Avec kGraft, Suse veut proposer une solution permettant d'appliquer des correctifs au noyau Linux sans avoir à redémarrer le serveur.

À l’instar d’Oracle avec Ksplice, SUSE entend s’attaquer à la question de l’application sans interruption de correctifs critiques au Kernel Linux. L’éditeur travaille au développement d’une technologie open source, baptisée kGraft, qu’elle entend proposer en upstream aux développeurs du noyau Linux dans les deux mois à venir.

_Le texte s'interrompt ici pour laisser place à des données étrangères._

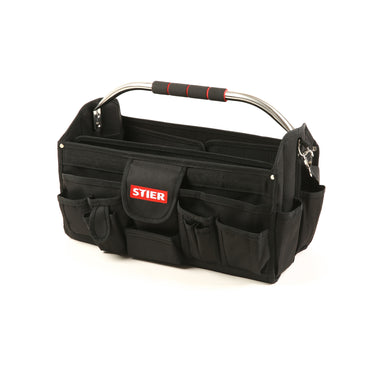 STIER Werkzeugtasche Premium+ leer schwarz 24 Fächer reißfest mit Schultergurt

Comme l’explique Vojtech Pavlik un développeur des SUSE Labs, dans un billet de blog, l’objectif est de répondre aux besoins des utilisateurs de Linux en entreprise dont l’objectif est de maintenir des environnements critiques en production. Il s’agit de permettre aux entreprises d’opérer des serveurs Linux en continu, sans interruption en permettant d’appliquer des correctifs de sécurité et des correctifs critiques sans avoir à redémarrer les serveurs, un exercice de plus en plus difficile dans des environnements de productions qui ne supportent aucun temps d’arrêt.

Pavlik indique que Suse devrait avoir une première mouture de kGraft fonctionnelle pour le mois de mars et que cette mouture sera soumise aux développeurs du kernel sous licence GPLv3 pour les parties touchant à GCC et sous licence GPLv2 pour les éléments touchant au noyau Linux kernel. Une description détaillée du fonctionnement de la technologie sera proposée lors du Collaboration Summit de la Napa Valley en mars.